Lee v. Utah Department of Corrections et al
MEMORANDUM DECISION & DISMISSAL ORDER: It is therefore ordered the the complaint is DISMISSED with prejudice. This action is CLOSED. Signed by Judge Ted Stewart on 02/19/2019. (kpf)
IN THE UNITED STATES DISTRICT COURT
FOR THE DISTRICT OF UTAH
ARTHUR RANDALL LEE,
MEMORANDUM DECISION &
JOSEPH COOMBS et al.,
Case No. 2:17-CV-301-TS
District Judge Ted Stewart
• May 1, 2017
Plaintiff filed prisoner civil-rights complaint, asserting federal civil rights
violated in 2014. (Doc. No. 5.)
• November 1, 2017 Court dismissed Defendant Utah Department of Corrections and ordered
service of process on remaining defendants. Defendants were ordered to
file in sequence an answer, a Martinez report, and a dispositive motion.

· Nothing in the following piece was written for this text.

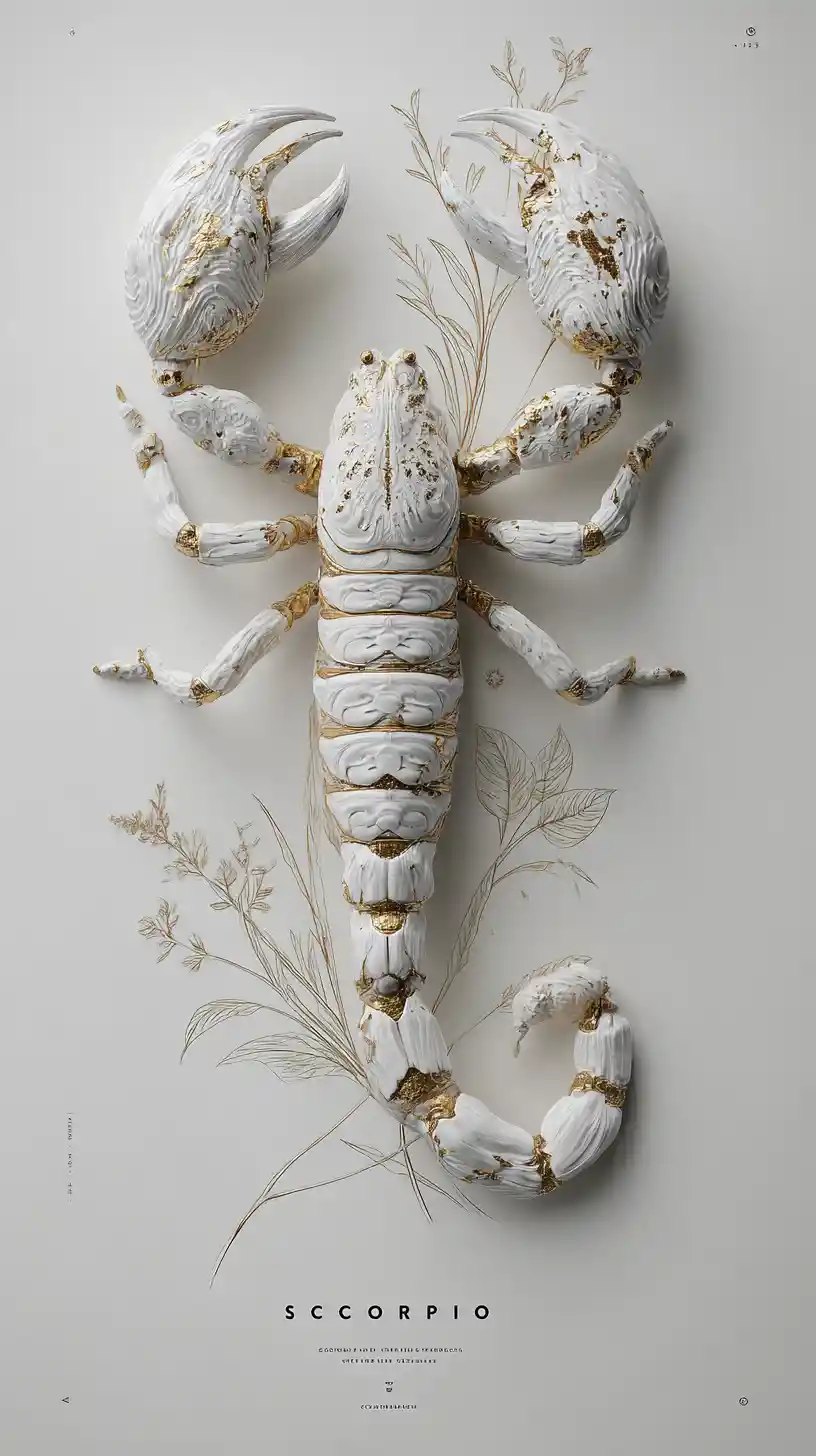 Marble Scorpion Sculpture Emerging From Minimal White Background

(Doc. No. 13.) Order further stated, “If served with a summary-judgment
motion . . ., Plaintiff must submit a response within 30 days of the
motion’s filing date.” (Id. (emphasis added).)
• February 16, 2018
Defendants filed answer. (Doc. No. 27.)
• April 11, 2018
Plaintiff moved for time extension for response to answer. (Doc. No. 36.)
He states, “If for any reason plaintiff cannot obtain counsel by June 10,
2018 he will be prepared to respond to defendant[s], point for point.” (Id.)
• May 7, 2018
Court denied motion for time extension, noting, “There is no procedural
rule allowing a response to answers.” (Doc. No. 37.)
• May 17, 2018
Defendants filed Martinez report. (Doc. No. 40.)
• June 18, 2018
Defendants filed Motion for Summary Judgment. (Doc. No. 42.)
• June 21, 2018
Defendants filed notice of change of address for Plaintiff. (Doc. No. 44.)
• December 21, 2018 Court ordered Plaintiff to within thirty days show cause why action should
not be dismissed for failure to prosecute and file response. (Doc. No. 46.)
The Court has not heard from Plaintiff since April 11, 2018 (over ten months ago).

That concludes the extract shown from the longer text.